Regression coefficients significance

Question

What are theoretical reasons to keep variables which coefficients are not significant?

I have several coefficients with p > 0.05. What's causing large p values?

See [here](http://stats.stackexchange.com/questions/66448/should-covariates-that-are-not-statistically-significant-be-kept-in-when-creat) — Chris C, Dec 06 '14 at 18:39
And [here](http://stats.stackexchange.com/a/20856/7290), & [here](http://stats.stackexchange.com/a/85914/7290). — gung - Reinstate Monica, Dec 07 '14 at 00:56

Zachary Blumenfeld · Answer 1 · 2014-12-07T00:50:50.903

If your p-values are coming out of a table generated by STATA, R, SPSS, or something similar, than the p-values result from the following statistical test.

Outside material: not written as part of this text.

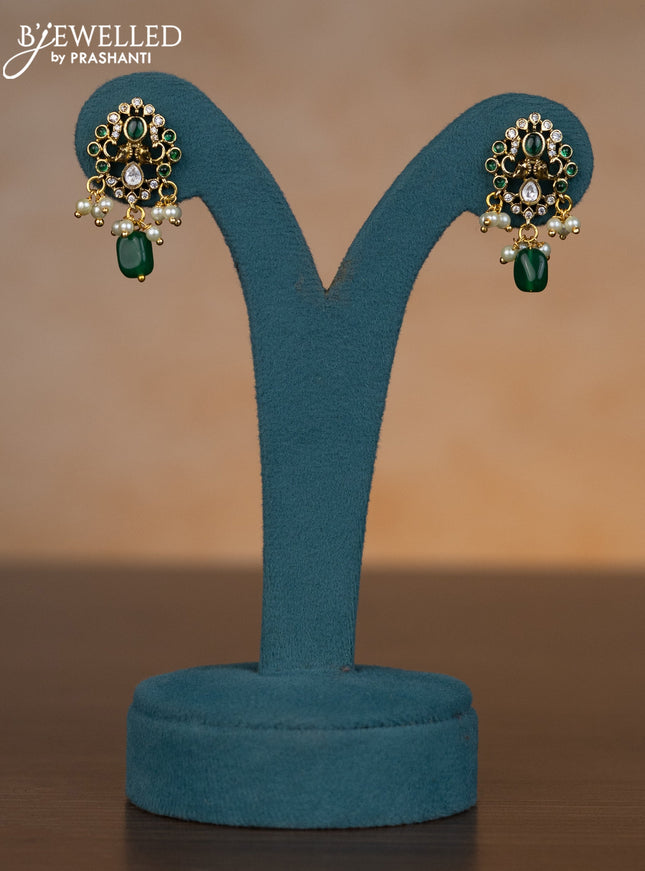 Invisible chain elephant design with emerald & cz stones and pearl & green beads hangings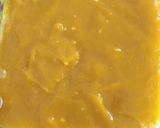 A picture of step 5 of Mango flavoured milk cake in two layers.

$$ H_0: \beta = 0 $$ $$ H_a: \beta \neq 0 $$

$p > 0.05$ means that there is insufficient evidence to reject the null hypothesis at the %5 level.

In certain areas of applied statistics it is important to include non-significant terms when they are correlated with significant terms. This is because for a regression model with $k$ independent variables to be consistent and unbiased; it is necessary that for every $i$ observation

$$ E(u_i\,|\,x_{i,1},x_{i,2},...,x_{i,k}) = 0 $$ where $u$ is the residual term. This is known as "conditional mean independence" or "zero conditional mean". It means that for any given values of the $x$'s, the average of the residuals is the same and therefore it must equal the average value in the entire population. A proof of this fact involves the use of probability limits and linear algebra, and I will refrain from showing this here. Some good references are http://w3.uniroma1.it/belloc/Introduction%20and%20SLR.pdf which discusses issues with violating "conditional mean independence" and http://www.ssc.wisc.edu/~bhansen/econometrics/Econometrics2010.pdf pg 68-69 which walks through a proof of regression consistency (both are for econometric application).

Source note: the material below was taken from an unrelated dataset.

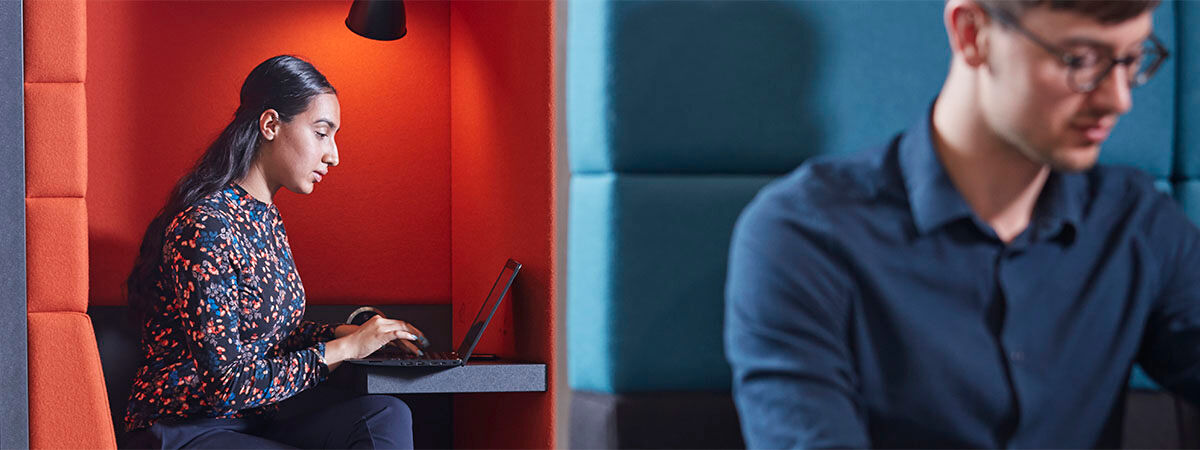 Finance and Investment MSc Course Image 1200x450 - Woman sat at a desk with a laptop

Take the following example, suppose y followed the below process:

$$ y=\beta_0 + x_1\beta_1 + x_2\beta_2 + \varepsilon $$ Where the $\beta$'s are the true coefficient values and $\varepsilon$ is a disturbance term. If we omit $x_2$ then the resulting model would be $$ y=\beta_0 + x_1\beta_1 + w $$ Where $w= x_2\beta_2 + \varepsilon $. If $x_1$ and $x_2$ are correlated then

$$ E(w_i\,|\,x_{i,1}) \neq 0 $$

So linear regression of $y$ on a constant and $x_1$ would not be a consistent estimator of $\beta_0$ and $\beta_1$. This is called omitted variable bias. Since in practice we do not know the $\beta$ terms, we refrain from omitting insignificant terms to avoid the above bias and inconsistency.

Why would $e$ contain $x_2$ if the true [DGP](http://en.wikipedia.org/wiki/Data_generating_process) doesn't? It doesn't make any sense. You seem to be trying to show [omitted variable bias](http://en.wikipedia.org/wiki/Omitted-variable_bias), but in a wrong way. — Aksakal, Dec 07 '14 at 00:23
@Aksakal you are correct, i did not properly specify my variables and theoretical model so the reasoning could not have made sense. — Zachary Blumenfeld, Dec 07 '14 at 00:53

Aksakal · Accepted Answer · 2014-12-07T15:54:40.117

0

One reason to keep the covariates is if they're a part of the group, which is as a whole is significant. So individual variables are not significant, but if you test the significance of the group, the group comes significant. In this, if you're not trying to tease out the relationship for a particular variable, but are using the model for other purposes such as forecasting, you may choose to keep the insignificant variables.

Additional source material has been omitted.